What to produce
Exclude the pictures and transcribe the rest of the data below exactly.
<<<<
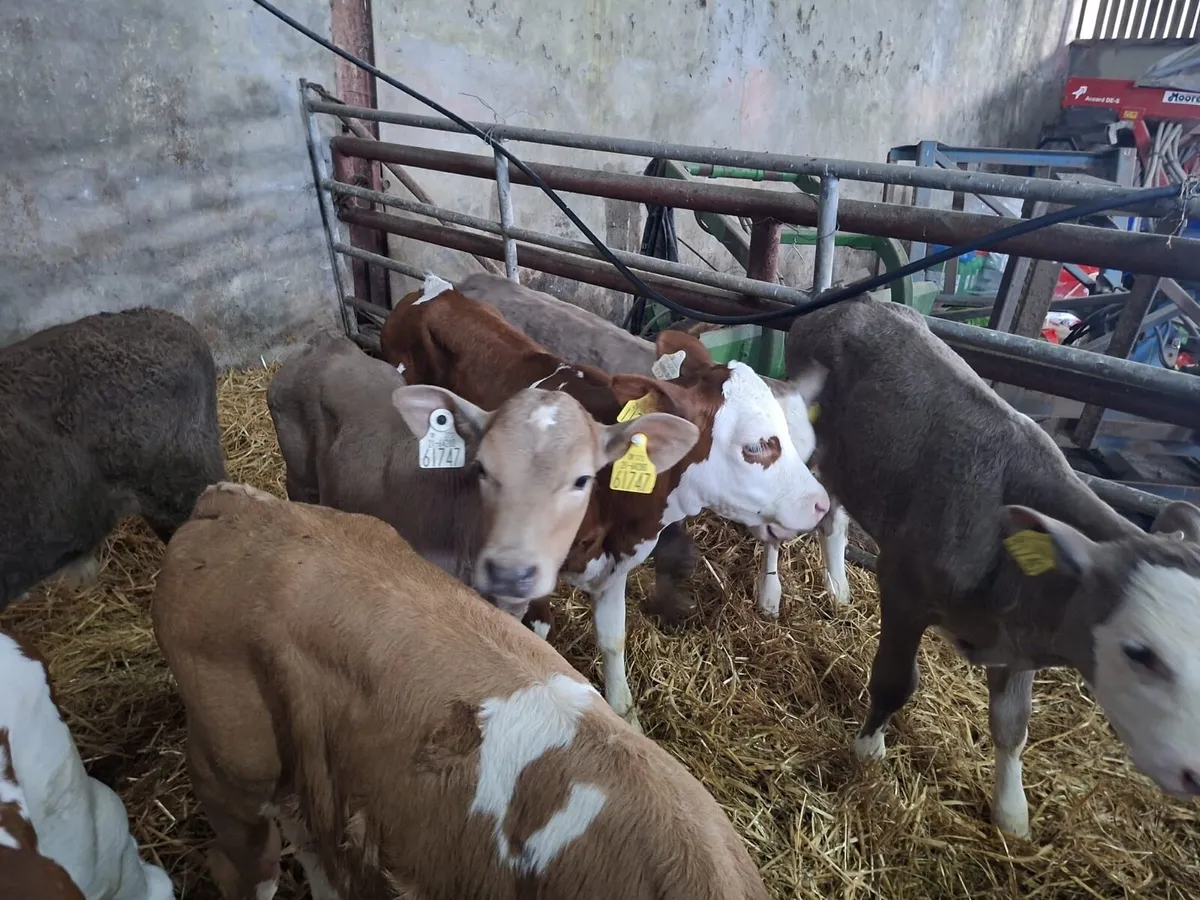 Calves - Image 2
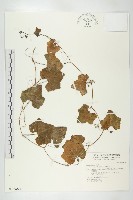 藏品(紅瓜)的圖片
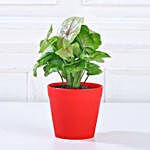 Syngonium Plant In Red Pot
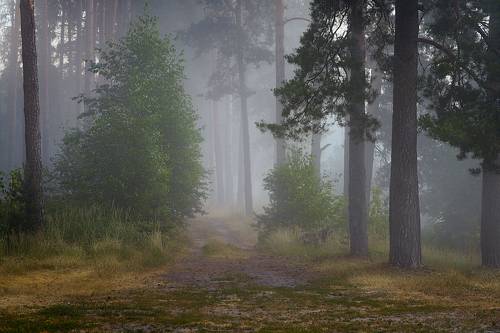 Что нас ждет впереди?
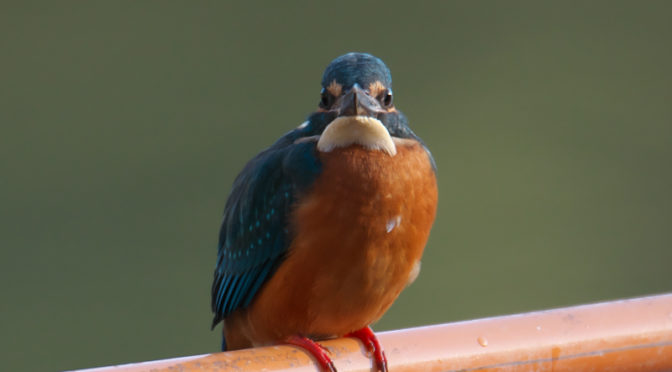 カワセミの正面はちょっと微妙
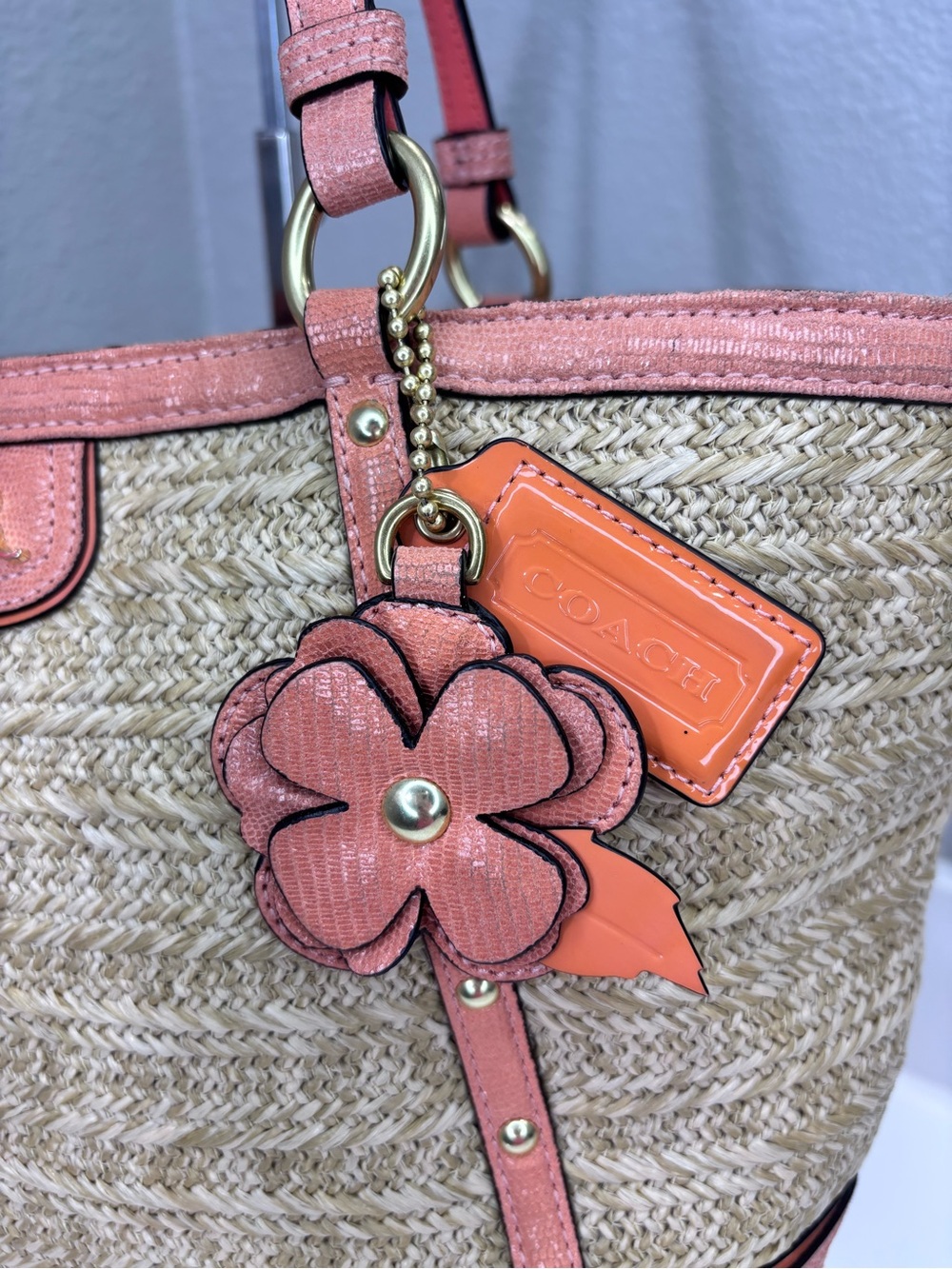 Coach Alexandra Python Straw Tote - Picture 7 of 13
>>>>
Answer box
 Calves - Image 2
 藏品(紅瓜)的圖片
 Syngonium Plant In Red Pot
 Что нас ждет впереди?
 カワセミの正面はちょっと微妙
 Coach Alexandra Python Straw Tote - Picture 7 of 13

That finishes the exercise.